Aber zu Hause warteten zwei hungrige Mäuler, das dritte (meins) war unterwegs, Timos Wechsel auf eine weiterführende Schule stand an und die damit verbundene Pflicht, weitere Jahre für ihn zu sorgen, ohne dass er mit einem eigenen Einkommen aushelfen konnte. Was war also das Richtige? Gab es eine Möglichkeit, aus dieser Situation herauszukommen und dabei gutbürgerlich, integer und ehrlich zu handeln? Wie entscheidet man über den Lebensweg seiner Frau und seiner Kinder, wie weit lassen sich Recht und Gesetz beugen, wenn man am Abgrund steht?

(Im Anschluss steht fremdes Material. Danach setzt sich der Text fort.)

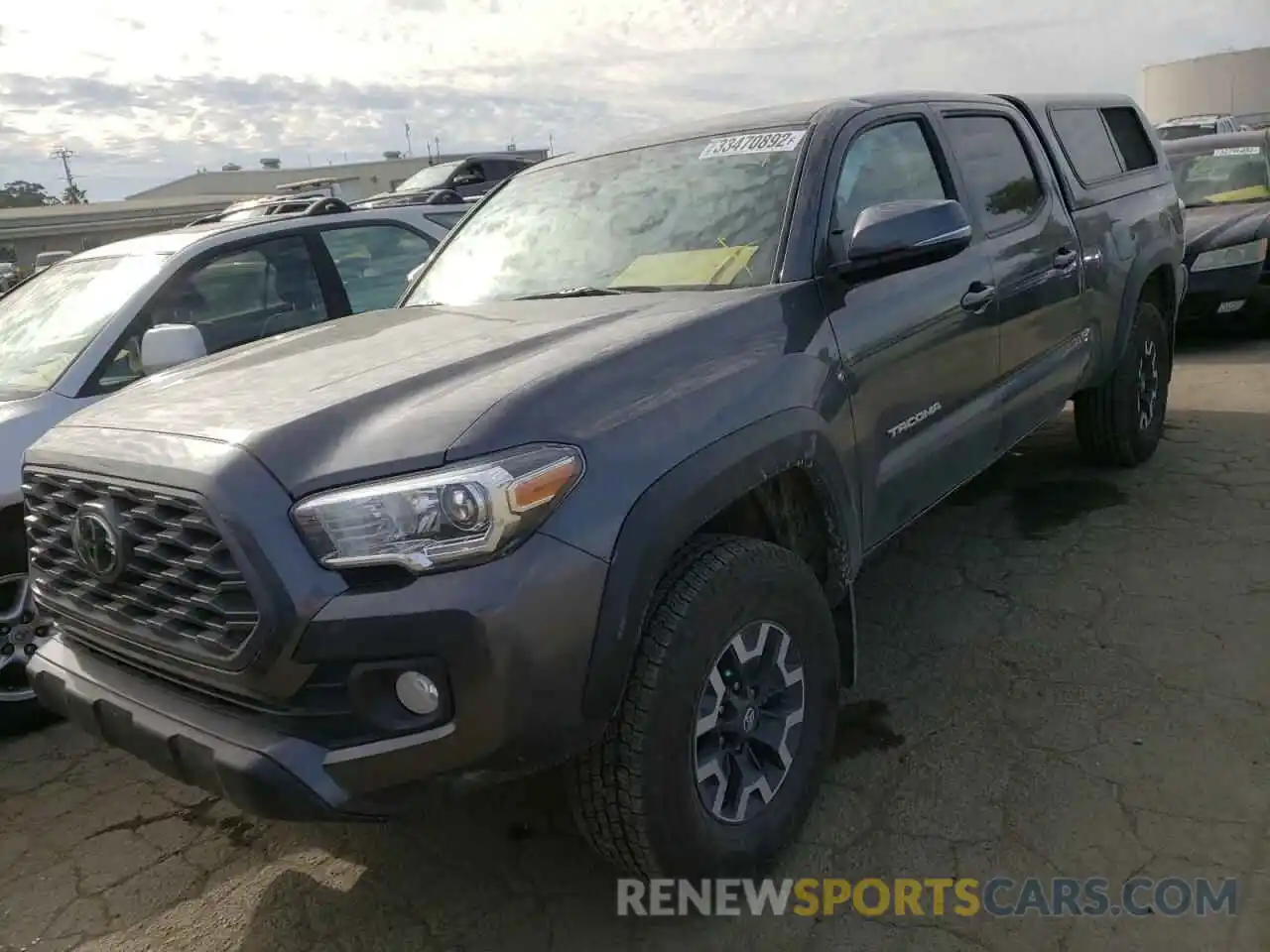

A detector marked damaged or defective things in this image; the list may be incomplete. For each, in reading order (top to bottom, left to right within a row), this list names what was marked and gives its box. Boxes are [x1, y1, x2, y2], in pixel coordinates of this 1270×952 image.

cracked asphalt pavement [2, 332, 1270, 949]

Kann man von seinem zehnjährigen Sohn erwarten, dass er versteht, dass er sich als hellster Kopf der Familie als Automechaniker um den Unterhalt wird kümmern müssen, weil sein Vater ein kleiner Dieb und Versager ist? Kann man diesem Kind verständlich machen, dass es sich das Abitur, eine akademische Laufbahn und all das, gefälligst aus dem Kopf schlagen soll, weil er in spätestens sechs Jahren auf eigenen Beinen stehen und seine Familie ernähren muss?

Man kann über meinen Vater sagen, was man will, aber uns im Regen stehen lassen, das konnte er nicht. Er versprach meinem Bruder, er werde zur Universität gehen und lernen können, was immer er wolle, er gab meiner Mutter die Hand darauf, für uns zu sorgen, und das tat er. Er besann sich darauf, was er konnte, und so begannen seine wochenlangen »Montage«-Jobs.

Mein Vater war seit ehedem ein verdammt guter Autofahrer und ein paar Wochen in den richtigen Kneipen ließen seine Fähigkeit in den richtigen Kreisen bekannt werden. So dauerte es nicht lange, bis er die ersten Angebote bekam, Wagen zu fahren, und er war skrupellos genug gegenüber dem Gesetz und fürsorglich genug gegenüber seiner Familie, um nach dem Strohhalm zu greifen.

Es war an einem Freitagabend vor ziemlich genau zwanzig Jahren, als mein Vater am anderen Ende des Landes in irgendeiner Stadt mit laufendem Motor vor einer Gasse stand, die zum Hintereingang einer Bank führte. Drei seiner Kollegen hatten sich in der Nähe der gepanzerten Stahltür versteckt und warteten auf den Geldtransporter, der die in der Woche angefallenen Einzahlungen in Sicherheit bringen sollte. Dass das kleine Vermögen diese Sicherheit nie erreichen sollte, dafür wollten die drei sorgen, mein Vater war dann dafür zuständig, seine Kollegen und die Beute wegzubringen.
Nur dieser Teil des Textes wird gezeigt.